TO DO: Filter the entries for the word "Digital". Copy each line in which it occurs.
----------
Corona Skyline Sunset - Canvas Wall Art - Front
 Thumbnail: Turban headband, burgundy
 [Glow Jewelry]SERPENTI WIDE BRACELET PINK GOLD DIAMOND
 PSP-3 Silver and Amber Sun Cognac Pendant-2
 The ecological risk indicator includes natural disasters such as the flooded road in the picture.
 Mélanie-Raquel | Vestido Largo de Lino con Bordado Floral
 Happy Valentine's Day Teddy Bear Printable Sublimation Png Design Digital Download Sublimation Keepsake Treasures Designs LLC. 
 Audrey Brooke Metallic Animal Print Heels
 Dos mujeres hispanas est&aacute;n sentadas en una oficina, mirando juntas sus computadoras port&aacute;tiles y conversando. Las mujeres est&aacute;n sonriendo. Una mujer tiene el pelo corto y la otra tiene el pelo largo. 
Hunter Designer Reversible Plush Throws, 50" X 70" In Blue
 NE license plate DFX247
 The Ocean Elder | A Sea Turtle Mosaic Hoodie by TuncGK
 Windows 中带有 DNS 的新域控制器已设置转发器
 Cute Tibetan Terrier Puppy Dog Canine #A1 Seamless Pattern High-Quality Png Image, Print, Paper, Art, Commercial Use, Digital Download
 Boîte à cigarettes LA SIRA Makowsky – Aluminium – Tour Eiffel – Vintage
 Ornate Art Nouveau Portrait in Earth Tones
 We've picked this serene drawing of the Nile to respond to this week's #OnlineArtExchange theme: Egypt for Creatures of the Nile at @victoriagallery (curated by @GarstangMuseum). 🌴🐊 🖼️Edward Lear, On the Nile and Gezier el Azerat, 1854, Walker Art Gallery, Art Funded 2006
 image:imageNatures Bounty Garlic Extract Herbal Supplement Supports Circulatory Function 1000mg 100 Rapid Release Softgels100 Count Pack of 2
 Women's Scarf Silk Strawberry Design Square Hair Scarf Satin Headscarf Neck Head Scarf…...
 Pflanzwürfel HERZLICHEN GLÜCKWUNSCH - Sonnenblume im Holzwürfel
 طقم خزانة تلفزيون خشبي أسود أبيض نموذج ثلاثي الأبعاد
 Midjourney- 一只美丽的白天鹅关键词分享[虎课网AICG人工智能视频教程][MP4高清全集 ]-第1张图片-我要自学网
----------
WRITTEN RESPONSE:
 Happy Valentine's Day Teddy Bear Printable Sublimation Png Design Digital Download Sublimation Keepsake Treasures Designs LLC. 
 Cute Tibetan Terrier Puppy Dog Canine #A1 Seamless Pattern High-Quality Png Image, Print, Paper, Art, Commercial Use, Digital Download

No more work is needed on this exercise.